### Exercise goal
As you reproduce every line below, keep it exactly as written and leave out the images.
Data Start Marker
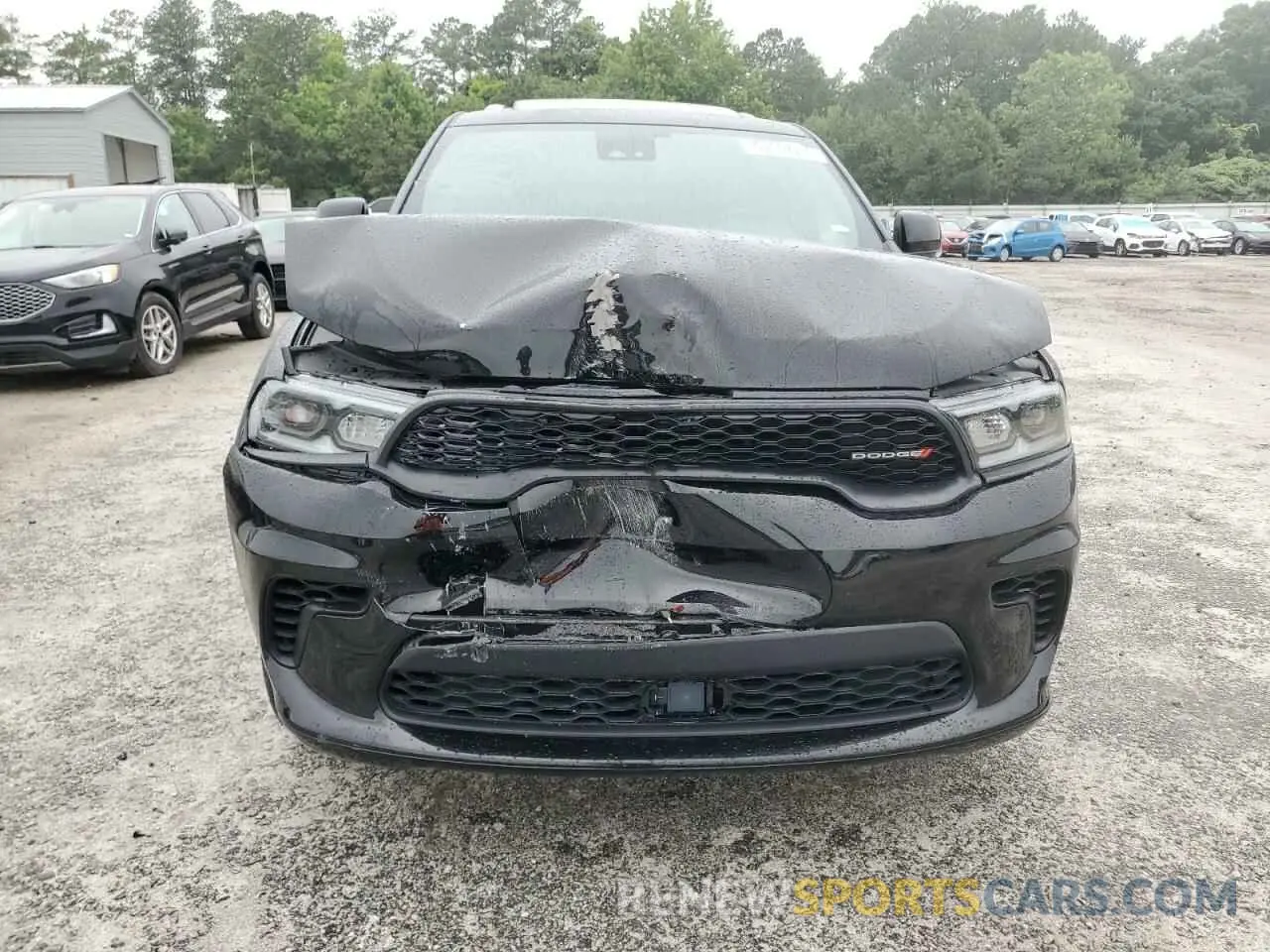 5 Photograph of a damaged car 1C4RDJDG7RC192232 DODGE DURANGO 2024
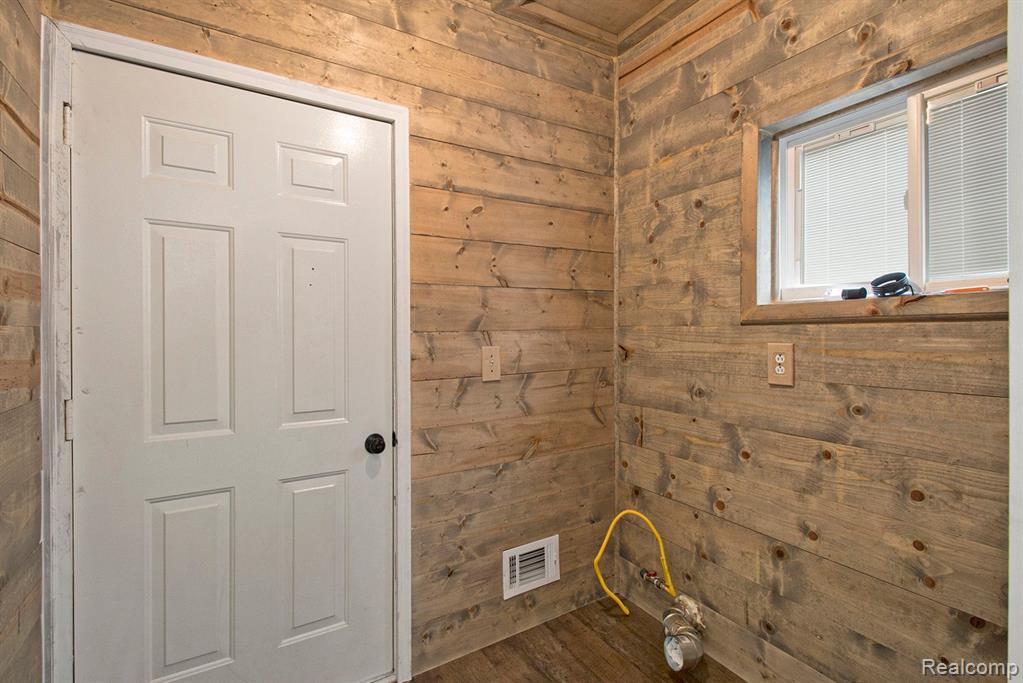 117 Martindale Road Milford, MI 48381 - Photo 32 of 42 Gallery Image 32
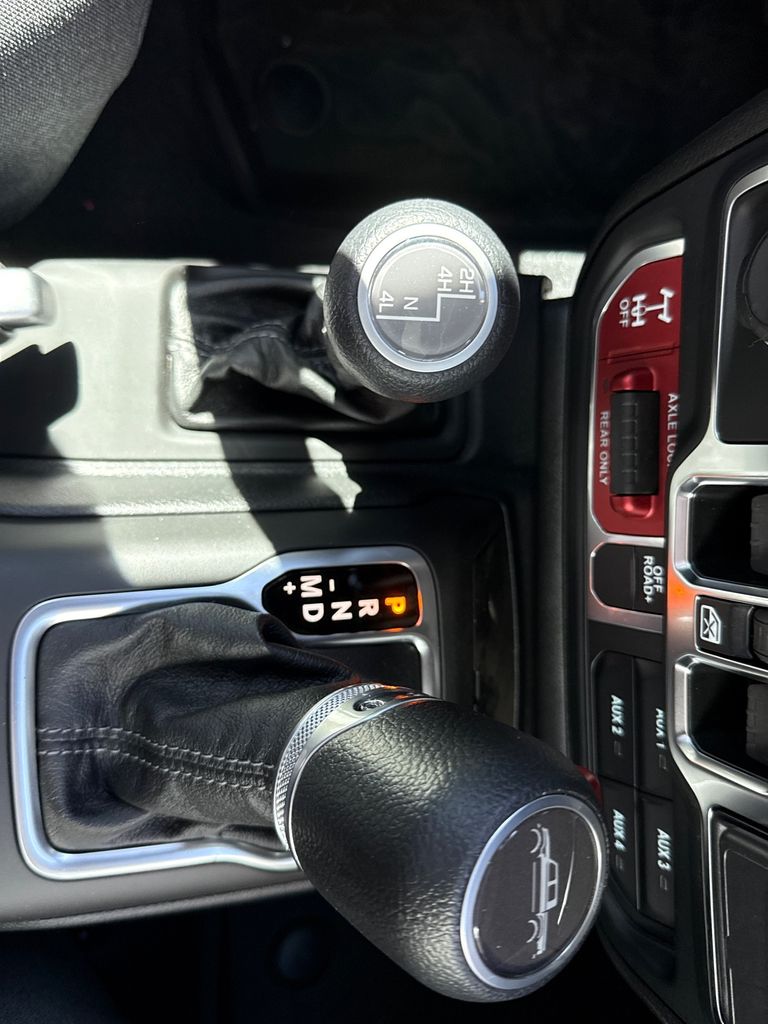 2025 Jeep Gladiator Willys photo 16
Data End Marker
### Task output
 5 Photograph of a damaged car 1C4RDJDG7RC192232 DODGE DURANGO 2024
 117 Martindale Road Milford, MI 48381 - Photo 32 of 42 Gallery Image 32
 2025 Jeep Gladiator Willys photo 16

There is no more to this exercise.